Town Meeting passed this article to help seniors stay in their homes. It includes five sections, as follows:
• Section 1: This allows an exemption from the property tax in “an amount to be set annually by the Select Board.”
• Section 2: This allows the Board of Assessors to deny a senior an application if “it finds that the applicant has excessive assets that place the applicant outside of the intended recipients of the senior exemption established pursuant to this act.” It also outlines how the applicant can qualify for the tax deferral: by qualifying for the state’s senior circuit breaker income tax credit, being age 65 or older, owning a home, living in the home for at least 10 consecutive years, having the home’s assessed value not be greater than the prior year’s maximum assessed value for qualification for the circuit breaker income tax credit, and receiving approval from the Board of Assessors.
Section 3: This allows the Select Board to set the exemption amount in the range of 50-200 percent, inclusive, of the amount of the circuit breaker income tax credit.
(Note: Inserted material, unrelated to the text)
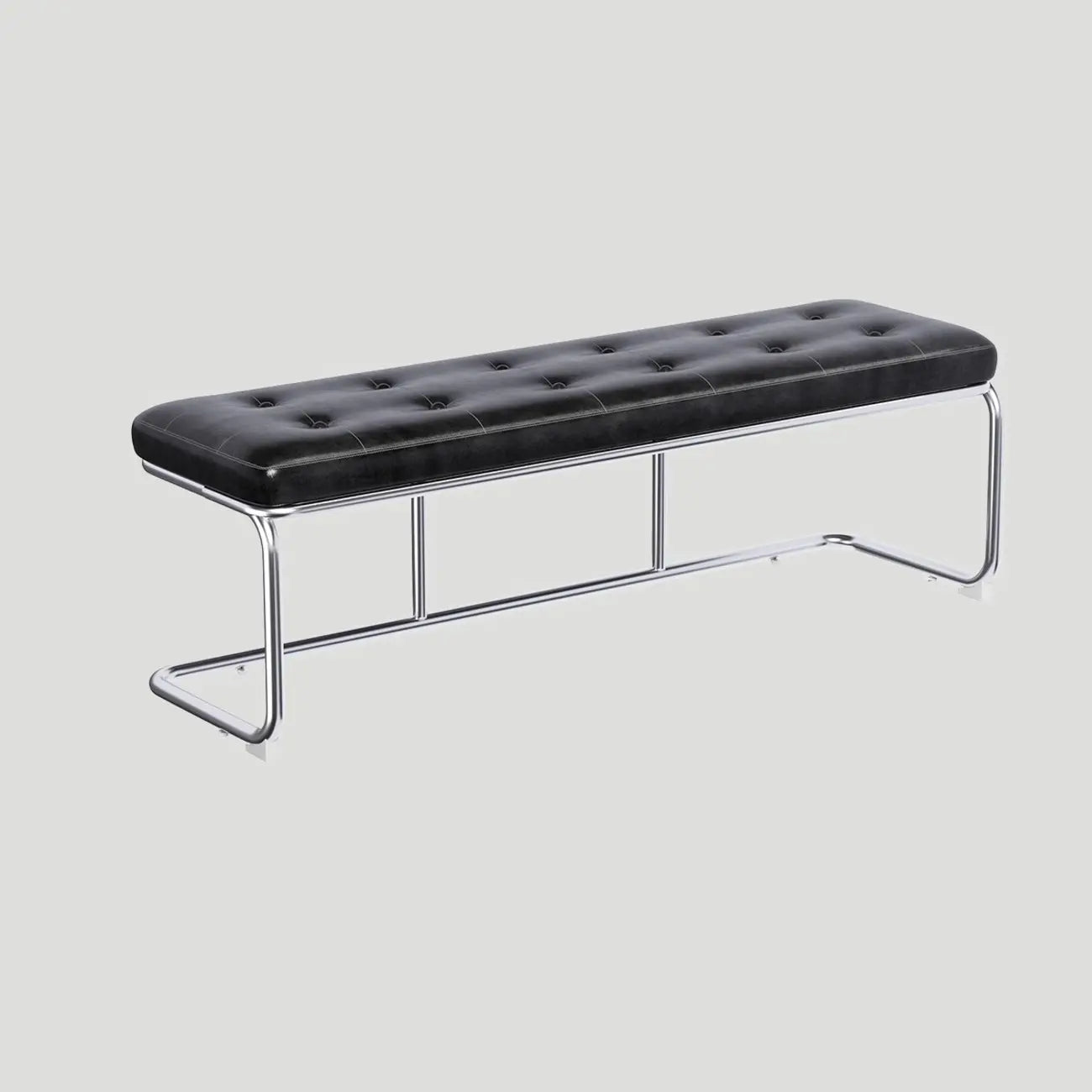 Banc de chambre rectangulaire moderne en cuir rembourré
The total amount exempted by this act “shall be allocated proportionally within the tax levy on all residential taxpayers.”
Section 4: This states the applicant must file an application each year they seek to receive an exemption.
Section 5: This states no exemption can be granted until the Department of Revenue certifies a residential tax rate for the applicable tax year.
Select Board member Michael Bettencourt, speaking on behalf of the article, said as of 2016 that 16 percent of residents were age 65 or older. He also said the median price for a single-family home exceeded $1M in 2017.
When seniors sell their homes, whether to downsize or because they can’t afford to live there, it opens up the town to receive more families and more young children to educate. A tax relief program would help seniors remain in the “family” home thereby helping keep the town’s school enrollment numbers from growing.
The Finance Committee recommended favorable action. Chair Aaron Kutylo said the article wouldn’t cause the town to lose revenue; instead, it shifts the burden to other taxpayers. He said 300 residents could take advantage of the tax relief program. It would shift $330,000 onto other residents.
Town Meeting passed the article unanimously.
Town Meeting approved this article to adjust the current eligibility limits for property tax deferrals. The vote increased the “gross receipts that senior citizens may have in the prior calendar year to be eligible to defer property taxes under MGL Ch. 59, Sec. 5, Clause 41A from $53,000-$60,000.”
Select Board member Susan Verdicchio, speaking on behalf of the article, said the town first signed on to the program back in 1991 and it last increased the eligibility back in 2013 (from $49,000-$53,000). Like the previous article, eligible applicants must be over 65 years old; however, instead of being a 10-year resident of Winchester, they must be a 10-year resident of Massachusetts.
Currently, Verdicchio said 13 property owners are participating, but new applicants are being considered now.
The Finance Committee recommended favorable action. Kutylo called it a deferral, adding it won’t produce a loss of revenue.
Town Meeting unanimously approved the article.